Named Entity Recognition cognitive skill (v2)

Article
2023-12-29

The Named Entity Recognition skill (v2) extracts named entities from text. Available entities include the types person, location and organization.

Important

Named entity recognition skill (v2) (Microsoft.Skills.Text.NamedEntityRecognitionSkill) is now discontinued replaced by Microsoft.Skills.Text.V3.EntityRecognitionSkill. Follow the recommendations in Deprecated Azure AI Search skills to migrate to a supported skill.

Note

As you expand scope by increasing the frequency of processing, adding more documents, or adding more AI algorithms, you will need to attach a billable Azure AI services resource.
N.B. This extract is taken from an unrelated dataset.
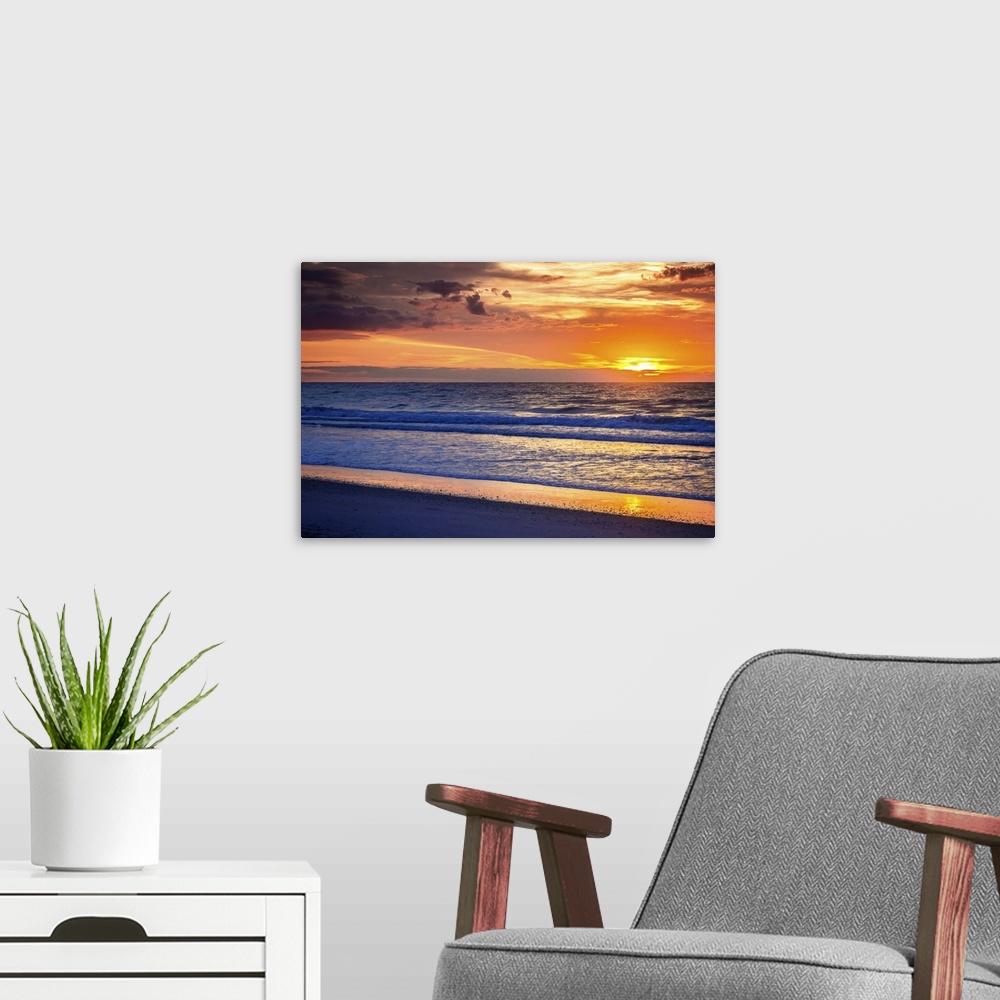 A modern room featuring Cloudy sky at sunrise glowing orange over the beach.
Charges accrue when calling APIs in Azure AI services, and for image extraction as part of the document-cracking stage in Azure AI Search. There are no charges for text extraction from documents. Execution of built-in skills is charged at the existing Azure AI services Standard Pay-in-Advance Offer price.
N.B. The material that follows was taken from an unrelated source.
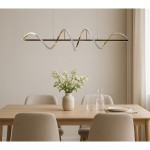 Lampa wisząca Memphis 2xLED 55W w kolorze złotym z falistym designem, zawieszona nad drewnianym stołem. W tle widać wazon z białymi kwiatami oraz szklane naczynia. Prosta, neutralna aranżacja wnętrza.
Image extraction is an extra charge metered by Azure AI Search, as described on the pricing page. Text extraction is free.

@odata.type

Microsoft.Skills.Text.NamedEntityRecognitionSkill

Data limits

The maximum size of a record should be 50,000 characters as measured by String.Length. If you need to break up your data before sending it to the key phrase extractor, consider using the Text Split skill. If you do use a text split skill, set the page length to 5000 for the best performance.

Skill parameters

Parameters are case-sensitive.

Parameter name	Description
categories	Array of categories that should be extracted. Possible category types: `"Person"`, `"Location"`, `"Organization"`. If no category is provided, all types are returned.
defaultLanguageCode	Language code of the input text. The following languages are supported: `de, en, es, fr, it`
minimumPrecision	A number between 0 and 1. If the precision is lower than this value, the entity is not returned. The default is 0.

Skill inputs

Input name	Description
languageCode	Optional. Default is `"en"`.
text	The text to analyze.

Skill outputs

Output name	Description
persons	An array of strings where each string represents the name of a person.
locations	An array of strings where each string represents a location.
organizations	An array of strings where each string represents an organization.
entities	An array of complex types. Each complex type includes the following fields: category (`"person"`, `"organization"`, or `"location"`) value (the actual entity name) offset (The location where it was found in the text) confidence (A value between 0 and 1 that represents that confidence that the value is an actual entity)

Sample definition

  {
    "@odata.type": "#Microsoft.Skills.Text.NamedEntityRecognitionSkill",
    "categories": [ "Person", "Location", "Organization"],
    "defaultLanguageCode": "en",
    "inputs": [
      {
        "name": "text",
        "source": "/document/content"
      }
    ],
    "outputs": [
      {
        "name": "persons",
        "targetName": "people"
      }
    ]
  }

Sample input

{
    "values": [
      {
        "recordId": "1",
        "data":
           {
             "text": "This is the loan application for Joe Romero, a Azure employee who was born in Chile and who then moved to Australia… Ana Smith is provided as a reference.",
             "languageCode": "en"
           }
      }
    ]
}

Sample output

{
  "values": [
    {
      "recordId": "1",
      "data" : 
      {
        "persons": [ "Joe Romero", "Ana Smith"],
        "locations": ["Chile", "Australia"],
        "organizations":["Microsoft"],
        "entities":  
        [
          {
            "category":"person",
            "value": "Joe Romero",
            "offset": 33,
            "confidence": 0.87
          },
          {
            "category":"person",
            "value": "Ana Smith",
            "offset": 124,
            "confidence": 0.87
          },
          {
            "category":"location",
            "value": "Chile",
            "offset": 88,
            "confidence": 0.99
          },
          {
            "category":"location",
            "value": "Australia",
            "offset": 112,
            "confidence": 0.99
          },
          {
            "category":"organization",
            "value": "Microsoft",
            "offset": 54,
            "confidence": 0.99
          }
        ]
      }
    }
  ]
}

Warning cases

If the language code for the document is unsupported, a warning is returned and no entities are extracted.